Alvotech announced that the FDA has issued a complete response letter (CRL) for Alvotech’s second Biologics License Application (BLA) for AVT 02, a high-concentration biosimilar candidate for Humira (adalimumab).

As the second of two BLAs submitted for AVT 02, this BLA contained data to support approval as a high-concentration biosimilar and additional information to support the interchangeability designation. The CRL noted that certain deficiencies, which were conveyed following the FDA’s reinspection of the company’s Reykjavik facility that concluded in March 2023, must be satisfactorily resolved before the application can be approved.
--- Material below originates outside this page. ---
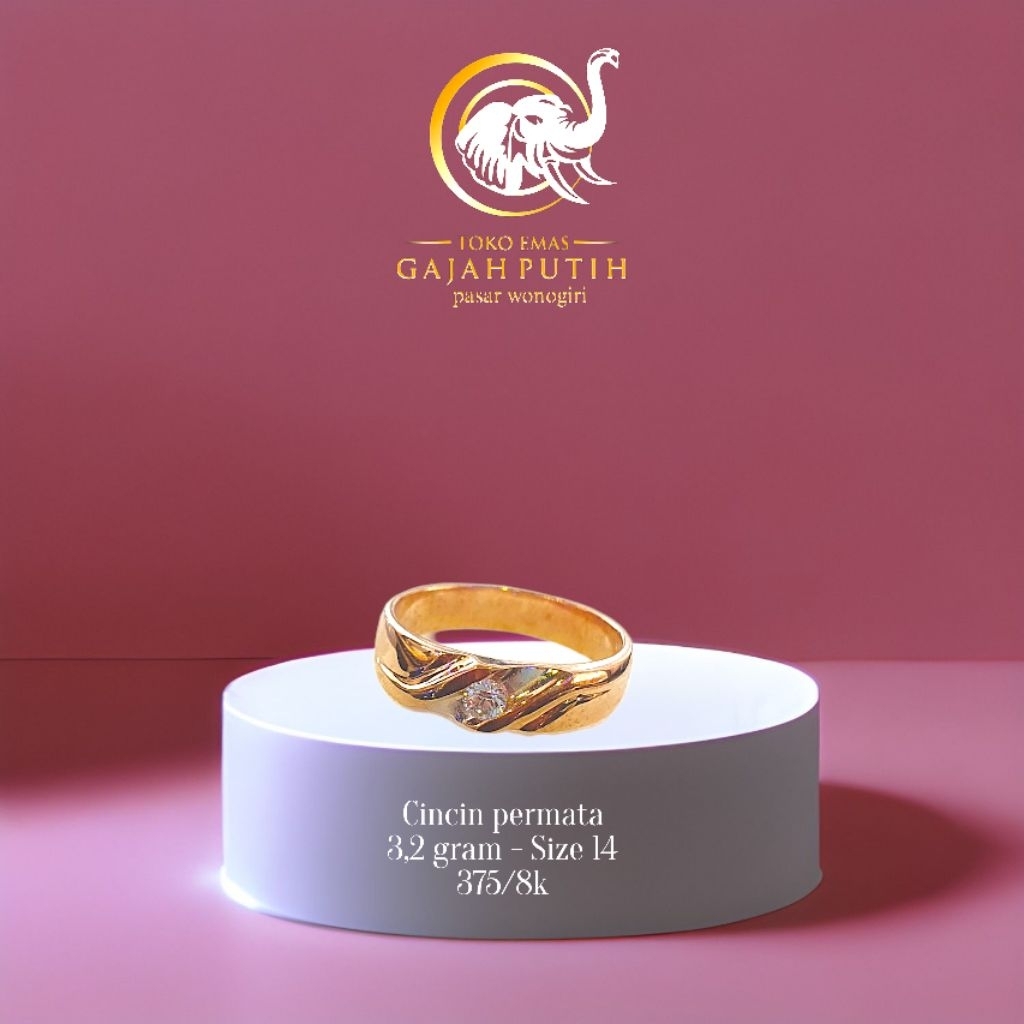 Cincin emas permata 3,2 gram 375/8k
No other deficiencies in the application were noted by the FDA. Alvotech intends to resubmit a BLA for AVT 02, including data supporting an interchangeability designation, to the FDA, which would trigger a six-month review period and a new Biosimilar User Fee Act (BsUFA) data.

Due to the expected delay in the potential approval of AVT 02 in the US, as a result of the communication received from the FDA, Alvotech will explore options to raise additional capital, in order to continue advancing pipeline development in the near-term. In addition to AVT 02, the company is currently developing a pipeline of 7 disclosed and 3 undisclosed biosimilar candidates.